24.3: Chemotherapy-Induced Nausea and Vomiting: Neurokinin-1 Receptor Antagonists

Neurokinin 1 (NK₁) receptors are distributed across the GI tract, vagal afferents, and key CNS regions including the central vomiting center and chemoreceptor trigger zone (CTZ) Chemotherapy agents stimulate enterochromaffin cells in the gastrointestinal (GI) tract to release large amounts of substance P (SP). SP is a neuropeptide released by specific sensory nerves in response to many different stressors, including those in the GI mucosa affected by chemotherapy. SP binds and activates these NK₁ receptors leading to the nausea and vomiting associated with chemotherapy.
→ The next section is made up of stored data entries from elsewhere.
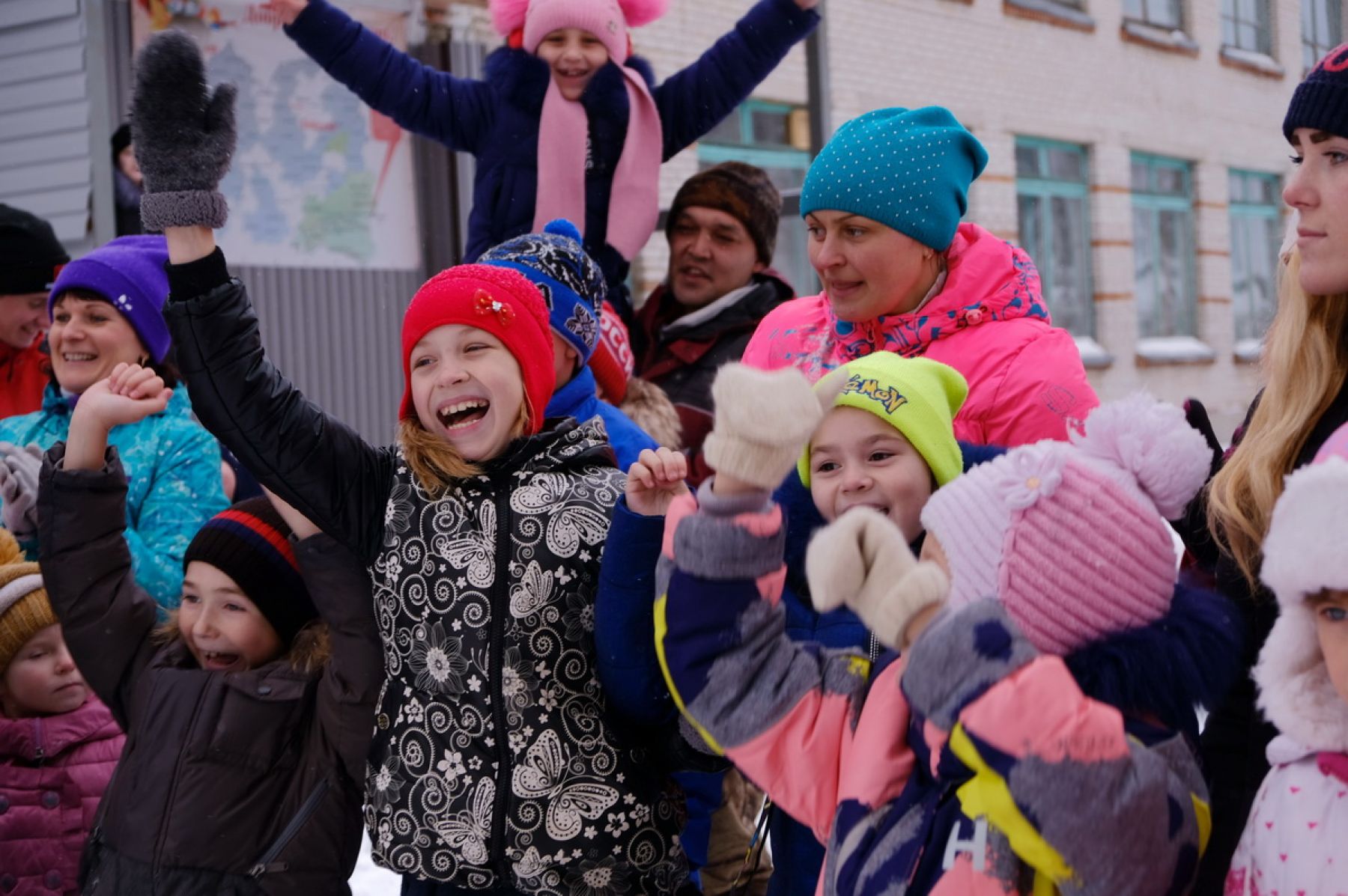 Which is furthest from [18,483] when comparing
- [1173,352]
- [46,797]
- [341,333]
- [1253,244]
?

NK₁-receptor antagonists, like aprepitant (Emend), netupitant (Akynzeo), and rolapitant (Varubi), have been developed to counteract this physiological response. These drugs cross the blood-brain barrier, selectively bind to NK₁ receptors, and inhibit the binding of substance P, thereby preventing chemotherapy-induced nausea and vomiting (CINV).
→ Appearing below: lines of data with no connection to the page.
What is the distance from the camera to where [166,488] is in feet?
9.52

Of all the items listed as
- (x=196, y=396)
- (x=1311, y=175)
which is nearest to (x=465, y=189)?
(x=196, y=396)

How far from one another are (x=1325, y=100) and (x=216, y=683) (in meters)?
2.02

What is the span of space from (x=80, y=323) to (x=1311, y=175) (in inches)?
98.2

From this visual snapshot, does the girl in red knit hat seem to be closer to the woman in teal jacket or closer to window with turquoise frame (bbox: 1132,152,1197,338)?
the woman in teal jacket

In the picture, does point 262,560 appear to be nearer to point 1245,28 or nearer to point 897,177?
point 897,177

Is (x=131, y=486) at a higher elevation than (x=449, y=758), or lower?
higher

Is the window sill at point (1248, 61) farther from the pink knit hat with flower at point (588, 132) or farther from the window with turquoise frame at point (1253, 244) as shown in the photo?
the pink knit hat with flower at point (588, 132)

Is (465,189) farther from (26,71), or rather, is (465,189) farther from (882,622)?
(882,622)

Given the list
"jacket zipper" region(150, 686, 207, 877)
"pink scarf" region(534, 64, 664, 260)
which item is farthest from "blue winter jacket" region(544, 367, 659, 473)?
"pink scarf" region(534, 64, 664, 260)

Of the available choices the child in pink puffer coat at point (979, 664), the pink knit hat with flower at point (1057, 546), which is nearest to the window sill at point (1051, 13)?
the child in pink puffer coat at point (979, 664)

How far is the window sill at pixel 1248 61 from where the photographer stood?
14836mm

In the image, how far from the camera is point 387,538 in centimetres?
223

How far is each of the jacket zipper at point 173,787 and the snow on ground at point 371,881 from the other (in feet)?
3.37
CINV typically has two phases: the acute phase, which develops within hours of chemotherapy, and the delayed phase, which occurs between two and five days post-treatment. While most anti-emetic drugs effectively control the acute phase of CINV, NK₁-receptor antagonists are particularly effective in inhibiting the delayed phase. For optimal results, they are typically used with a 5-HT₃ antagonist and dexamethasone.

These antagonists are metabolized primarily through the liver's CYP3A4 pathway. However, they can suppress the hepatic metabolism of anti-cancer agents like docetaxel (Taxotere), paclitaxel (Taxol), and imatinib (Gleevec). Adverse effects may include fatigue, abdominal pain, diarrhea, hiccups, and, uncommonly, neutropenia.

The central vomiting center and the chemoreceptor trigger zone in the brainstem are rich in neurokinin 1 or NK₁ receptors. During chemotherapy, the GI mucosa releases substance P, which crosses the blood-brain barrier to bind and activate the NK₁ receptor, ultimately inducing vomiting.

To combat this, several NK₁-receptor antagonists like aprepitant, netupitant, and rolapitant, are available. They selectively bind NK₁ receptors, blocking substance P binding and preventing chemotherapy-induced nausea and vomiting, or CINV.

CINV has two phases : the acute phase occurring shortly after treatment and the delayed phase arising a few days after treatment.

NK₁-receptor antagonists effectively inhibit the delayed phase of CINV. They are typically used with acute phase inhibitors – 5-HT₃ antagonists and dexamethasone.

They are primarily metabolized by hepatic CYP3A4. Notably, this may affect the CYP3A4-mediated metabolism of anti-cancer agents such as docetaxel, paclitaxel, and imatinib.

Additional adverse effects comprise fatigue, diarrhea, hiccups, and neutropenia.